Waaaa ! Merci Thomas !
Si je voyais seulement la couverture dans une bibliothèque ou une librairie, je pense que je ne prendrais même pas la peine de le feuilleter pour voir ce qu’il y a à l’intérieur. Pourtant, l’article m’a convaincu que c’était le genre de livre que j’adore lire. En fait, pourquoi cette couverture ?
Merci pour votre commentaire et votre question, même si, comme je ne suis ni l’auteur ni l’éditeur du titre en question, je ne peux vous donner de réponse. Je peux seulement vous dire que, comme cela faisait déjà un certain temps que je voulais découvrir le monde des Rosmadec, ce n’est pas la couverture qui a orienté mon choix.
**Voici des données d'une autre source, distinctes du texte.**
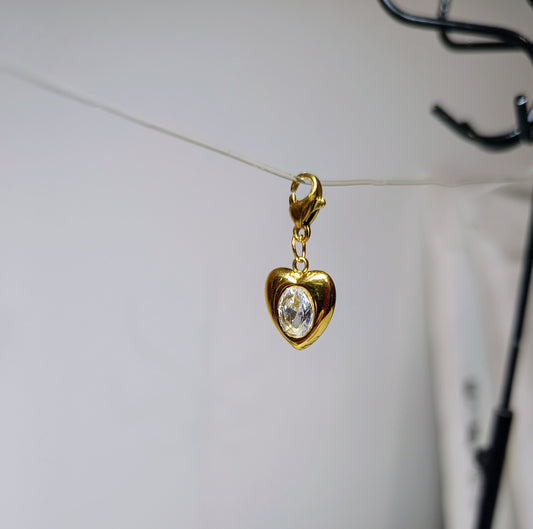 CATERINA (charm)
Oui pourquoi cette couverture en parfaite résilience avec le titre puisqu’elle représente un sonneur breton, un joueur de cornemuse si vous préférez ou encore de bagad : « Un bagad est un ensemble de musique traditionnelle bretonne inspiré du pipe band écossais. Il est composé de trois pupitres : bombarde, biniou braz (grande cornemuse) et percussion. Selon l’importance du bagad, le pupitre percussion peut être organisé en deux pupitres, l’un de percussions traditionnelles (caisses claires, batterie), l’autre de percussions non traditionnelles. » Source Wikipedia.
Je peux me tromper, mais le sonneur sur la photo me rappelle furieusement un autre des auteurs de chez Numériklivres.
Un bel avis qui me donne encore plus envie de continuer à découvrir Gwenn et Soazic :)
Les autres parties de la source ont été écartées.